Posted August 9, 2006
Book: The Shadow of God: A Journey through Memory, Art, and Faith
Author: Charles Scribner III
Doubleday, New York. 2006. Pp. 291
An Excerpt from the Jacket:
The Shadow of God is part memoir, part spiritual autobiography, and part tour of great works of art, literature, and music. In the form of a journal written over the course of a year, Scribner shares childhood recollections of a household where figures like Ernest Hemingwya and F. Scott Fitzgerald were family friends. He tells stories from his own noteworthy publishing career, from his reflections on faith, and from his work as an authority on baroque art.

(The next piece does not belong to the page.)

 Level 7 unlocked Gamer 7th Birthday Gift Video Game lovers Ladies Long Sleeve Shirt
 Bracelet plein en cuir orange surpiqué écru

Born an Episcopalian, he charts the story of his interior life and the importance of the arts in helping him choose the spiritual, emotional, and intellectual paths he would follow, including his conversion to Catholicism. He asks himself questions like “How far back are the roots of faith?” Scribner writes with contagious enthusiasm about the pivotal truths he discovered from novels of Graham Greene and Evelyn Waugh and the inspiration he found in art, music, opera, and the Bible.
An Excerpt from the Book:
Sunday, June 2, 2002
Today, the Feast of Corpus Christi, I learned in Father Mario’s homily at St. Jean Baptiste that some of the California redwoods date back as far as King David — three thousand years. These ancient, miraculously durable trees, it appears, do not have unusually deep roots to withstand millennia of wind and hostile weather. Their roots, in fact, are surprisingly shallow; what sets them apart from others is their closeness, which in turn has resulted in their roots being intertwined and reinforced like a tightly woven fabric. They stand as a symbol of the power of interdependence, of community — indeed, of the Church, or body of Christ, composed of so many millions of bodies and souls, yet one.

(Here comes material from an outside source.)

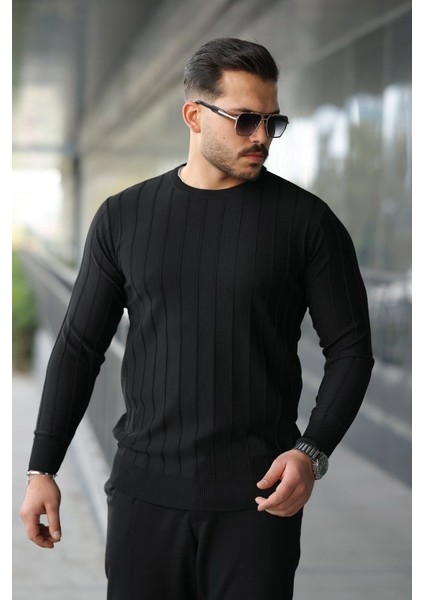 Erkek Bisiklet Yaka Çizgi Kabartmalı Uzun Kollu Triko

I also relearned today something I had long forgotten, despite those years of ancient Greek at St. Paul’s: that our word poem derives from the Greek “to make.” If creation is one vast poem, then our divine maker is, literally, a poet first and last, alpha and omega. This epiphany, as the stained glass windows glowed in twilight reflected by the windows surrounding apartment houses, is cast in a simple, one-word translation: to see the universe as a vast epic (or lyrical) poem. God the poet requires no great leap of imagination or sublimation of science — only an equation between word and creation. “In the beginning was the Word.”